Bees Knees Spicy Honey
I'm not sure I can wrap my head around the implications - the glorious, glorious implications - of what essentially amounts to the honey bear being left alone with the Sriracha rooster in a kitchen cabinet for too long. Bees Knees Honey is a chili-infused spicy honey that can sub in for anything from hot sauce to Hershey's Syrup.
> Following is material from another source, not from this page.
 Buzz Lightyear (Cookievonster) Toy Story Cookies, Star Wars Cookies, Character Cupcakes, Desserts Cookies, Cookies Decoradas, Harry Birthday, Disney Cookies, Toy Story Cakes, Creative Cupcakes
TRUFF Limited Release White Truffle Hot Sauce
If you're feeling generous this year, don't forgot to tell Santa and his reindeer to call on the truffle pigs, and grab a bottle or two of TRUFF's limited edition White Truffle Hot Sauce. Rare and available only seasonally, white truffles have a bigger, more richly umami flavor than their black cousins, which are the stars of TRUFF's flagship black truffle hot sauce.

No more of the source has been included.